▶ _Material provided_
= Beginning of Section =

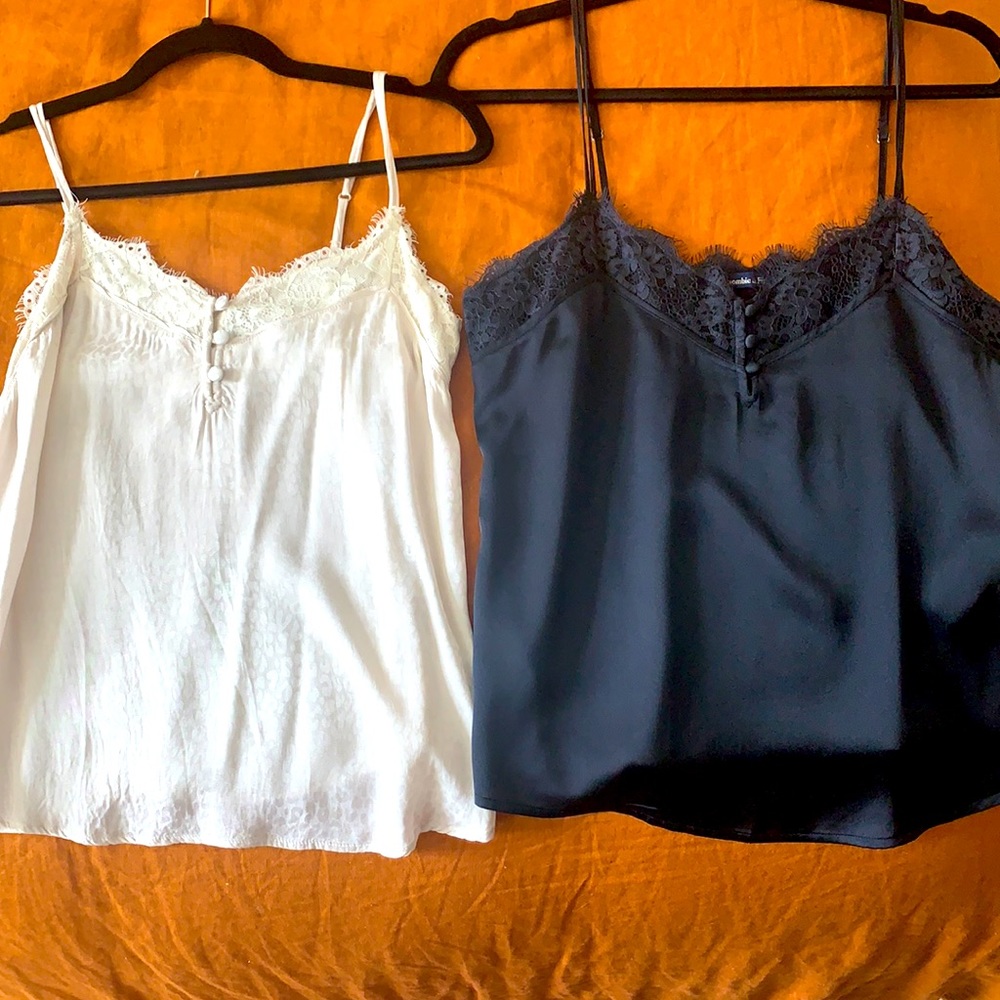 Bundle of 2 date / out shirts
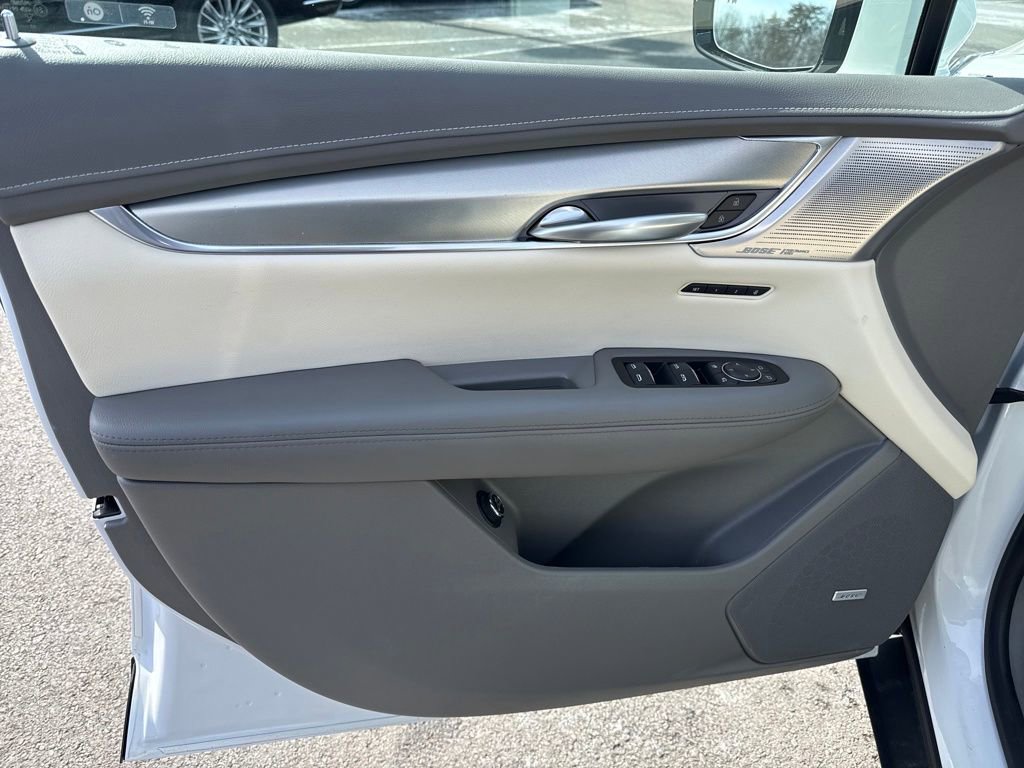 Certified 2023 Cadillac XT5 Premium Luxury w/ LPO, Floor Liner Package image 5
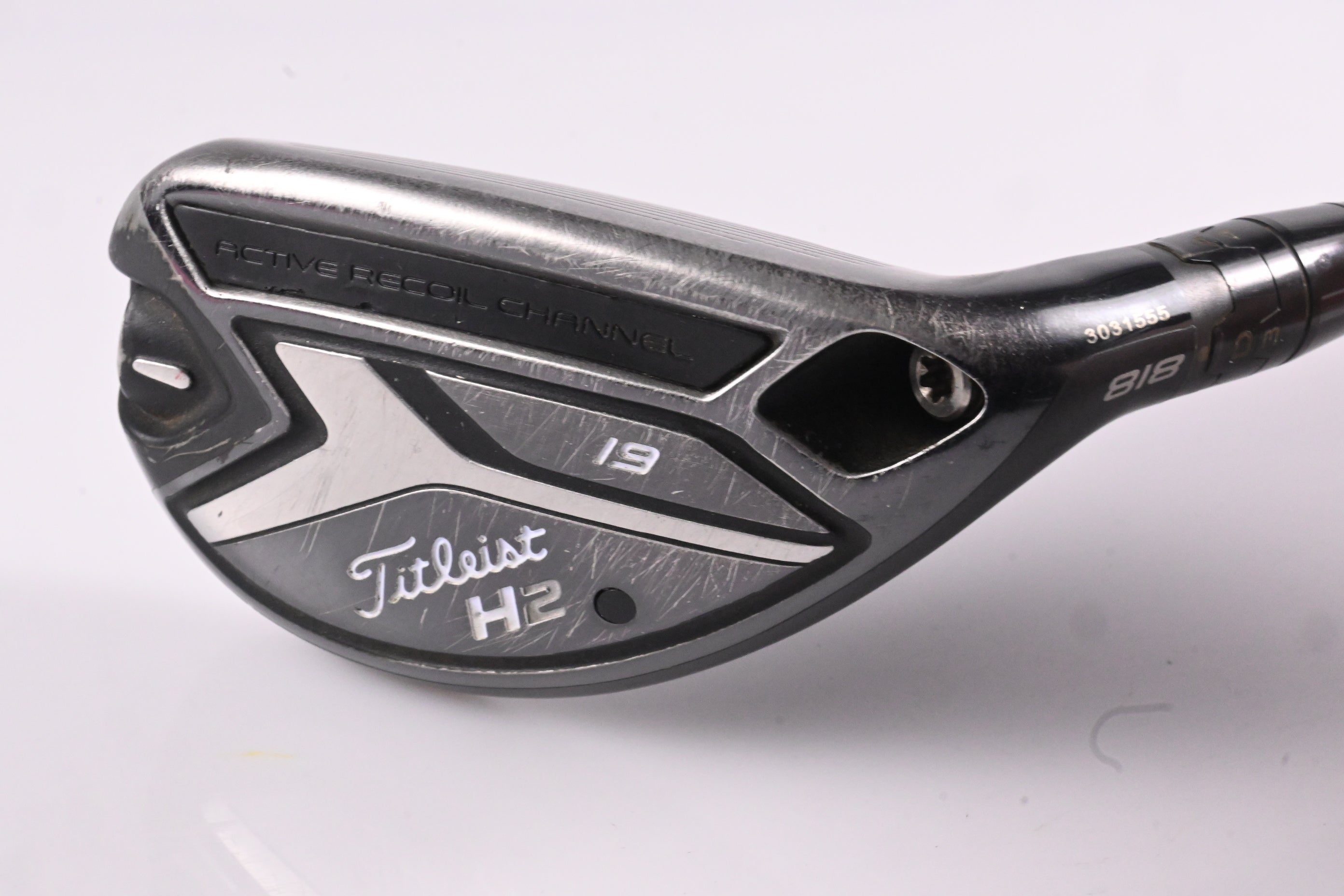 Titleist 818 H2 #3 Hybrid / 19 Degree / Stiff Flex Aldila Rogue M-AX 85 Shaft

= End of Section =

Write out the whole listing exactly. Pictures stay out.

 Bundle of 2 date / out shirts
 Certified 2023 Cadillac XT5 Premium Luxury w/ LPO, Floor Liner Package image 5
 Titleist 818 H2 #3 Hybrid / 19 Degree / Stiff Flex Aldila Rogue M-AX 85 Shaft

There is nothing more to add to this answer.